以下の特例を受けた場合は、補助上限額が上乗せされます。
・インボイス特例を受けた場合の補助上限額:100万円
・賃金引き上げ特例を受けた場合の補助上限額:200万円
・インボイス特例+賃金引き上げ特例の両方を受けた場合の補助上限額:250万円
小規模事業者持続化補助金の対象経費とは
小規模事業者持続化補助金の対象経費は、以下のように分類されます。ホームページ制作やECサイト制作が含まれる経費は、この中の「ウェブサイト関連費」に該当します。
機械装置等費
補助事業を行う目的で機械装置などを購入する経費です。通常の事業活動のための機械装置や、現在使用しているものを取り替える場合は補助対象外になります。
【対象になる経費の例】
・飲食店にて生産販売拡大を目的として購入する鍋・オーブン・冷蔵庫
・高齢者や乳幼児連れ家族の集客力向上のためのベビーチェアや高齢者向け椅子
広報費
パンフレット・ポスター・チラシなどを作成したり、広報媒体を活用したりする際に必要な経費を指します。ただし、ウェブ動画や街頭ビジョン広告にかかる経費はウェブサイト関連費として計上します。
【対象になる経費の例】
・新聞・雑誌に商品やサービスの広告を掲載
・チラシ・カタログの外注や発送
ウェブサイト関連費
販路開拓などを目的として作るホームページやECサイト、またはシステム開発・更新・運用に必要な経費です。
【対象になる経費の例】
・商品販売のためのサイト作成や更新
・インターネット広告
・効果や作業内容が明確なSEO対策
展示会等出展費
新商品などをPRするために、展示会や商談会に参加する際に必要な経費です。参加費のみでなく運搬費も対象になります。
【対象になる経費の例】
・展示会への出店料
・必要な場合は通訳・翻訳料
旅費
販路開拓などを行うために必要な旅費は対象に含まれます。ただし、事務局で人数や内容の妥当性を確認します。
【対象になる経費の例】
・展示会への出展などを目的とした宿泊費
・電車代・バス運賃・航空券代など
新商品開発費
新商品の試作品作成にかかる原材料・デザイン・加工などに支払われる経費を指します。補助事業終了時には、原材料などを使い切る必要があります。
【対象になる経費の例】
・新商品試作開発用の原材料購入
・新しいパッケージのデザイン費用
借料
補助事業に直接必要な機器・設備などのレンタル料・リース料です。補助を受ける際には、機器・設備が直接事業に関わりがあるという点を明らかにする必要があります。
【対象になる経費の例】
・新商品のPRを目的としたイベントを行うためのイベント会場レンタル費
委託・外注費
他の対象経費に該当せず、補助事業に必要な業務の一部を第三者に委託・外注する際にかかる経費です。ただし、事業者が自ら実行することが困難な業務に限ります。
【対象になる経費の例】
・新商品のデザイン料(事業者がデザイン業務を行っていない場合)
・店舗のバリアフリー化を目的とした改修工事
ホームページ制作・ECサイト制作のための小規模事業者持続化補助金を使う時の注意点とは?

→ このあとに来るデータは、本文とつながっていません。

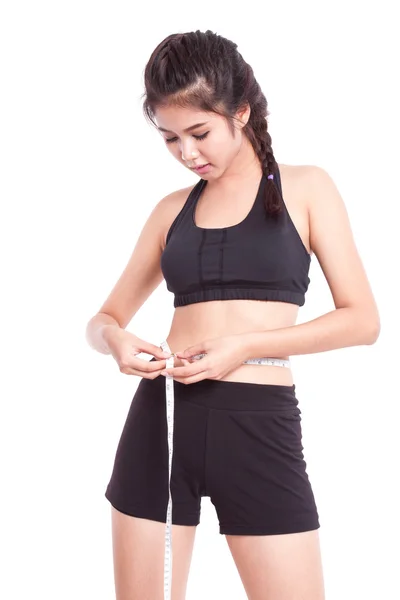 Mujer joven fitness con cinta métrica — Foto de Stock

ホームページ・ECサイト制作を目的として小規模事業者持続化補助金の申請をする際には、以下の注意点を知りましょう。
ウェブサイト関連のみの申請はできない
小規模事業者持続化補助金では、ウェブサイト関連費のみの申請を認めていません。つまり、ホームページやECサイトの制作費用に補助金を使いたい時には、他の経費項目と合わせて申請する必要があるのです。
例えば、ウェブサイト関連費+広報費(サイトの作成とチラシ作成を行う)などが代表的な組み合わせ事例です。
ウェブサイト関連費の上限は申請額の1/4まで
他の経費と組み合わせれば、ホームページ・ECサイトの制作費をウェブサイト関連費として申請できます。ただし、その上限額は補助金交付申請額の1/4かつ最大50万円でなければいけません。
まとめ:【2025年最新】小規模事業者持続化補助金はホームページ制作やEC制作に使える?
いかがでしたか?今回の内容としては、
・小規模事業者持続化補助金は小規模事業者などの持続性・効率化を支援する制度
・小規模事業者持続化補助金でホームページ・ECサイトを制作できるが条件がある
・小規模事業者持続化補助金のウェブサイト関連費は単独では申請できない
以上の点が重要なポイントでした。小規模事業者持続化補助金を活用してホームページ・ECサイトを制作することはできますが、この記事で紹介した注意点を必ず確認しておきましょう。